Douglas "Doug" Porter (born August 15, 1929) is a former
American football coach. He served as the head coach at
Mississippi Valley State University (1961–1965),
Howard University (1974–1978), and
Fort Valley State University (1979–1996), compiling a career
college football record of 166-107-5. He was also an assistant coach at
Grambling State University under
Eddie Robinson. Porter was inducted into the
College Football Hall of Fame in 2008.
A fixture in historically black college athletics, Doug Porter forged an indelible coaching and administrative career for more than fifty years.
In 1961, Porter accepted his first head coaching job at Mississippi Valley State University, where he turned around a program that had not had a winning season in five years before his third season in 1963. He then served as Eddie Robinson’s assistant at Grambling State for nine seasons and later took the helm at Howard from 1974-78. After Fort Valley State University hired him in 1979, it took Porter only one season to lead the Wildcats to a conference title. He led his teams to six Southern Intercollegiate Athletic Conference titles and two NCAA playoff appearances. He boasts only five losing seasons in 26 years as a head coach.

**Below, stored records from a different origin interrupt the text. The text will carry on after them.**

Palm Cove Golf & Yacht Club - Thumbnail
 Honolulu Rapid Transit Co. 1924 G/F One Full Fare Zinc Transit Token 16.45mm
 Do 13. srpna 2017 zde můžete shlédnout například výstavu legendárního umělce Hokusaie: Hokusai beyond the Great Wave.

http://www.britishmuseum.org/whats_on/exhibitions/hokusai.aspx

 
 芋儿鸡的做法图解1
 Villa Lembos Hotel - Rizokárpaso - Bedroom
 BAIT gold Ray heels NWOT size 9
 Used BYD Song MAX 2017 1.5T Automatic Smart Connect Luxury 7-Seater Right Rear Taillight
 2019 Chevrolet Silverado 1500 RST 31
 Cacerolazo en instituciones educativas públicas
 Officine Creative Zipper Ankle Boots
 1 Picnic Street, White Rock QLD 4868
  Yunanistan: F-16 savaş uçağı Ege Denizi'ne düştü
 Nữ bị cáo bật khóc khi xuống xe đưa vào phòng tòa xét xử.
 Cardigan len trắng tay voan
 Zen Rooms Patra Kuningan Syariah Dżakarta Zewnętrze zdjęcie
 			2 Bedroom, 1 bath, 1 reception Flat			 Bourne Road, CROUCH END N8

The Memphis, Tenn., native and seven-time SIAC Coach of the Year served as Fort Valley’s athletics director for 16 years. He also acted as chairman of the Division II Football Committee and as president of the National Athletic Steering Committee.
Porter returned to Grambling in 1997, becoming an advisor to former GSU coaches Doug Williams (a 2001 player inductee into the College Football Hall of Fame) and Melvin Spears and current coach Rod Broadway. Porter currently assists in the efforts to establish a museum in Hall of Fame Coach Eddie Robinson’s honor.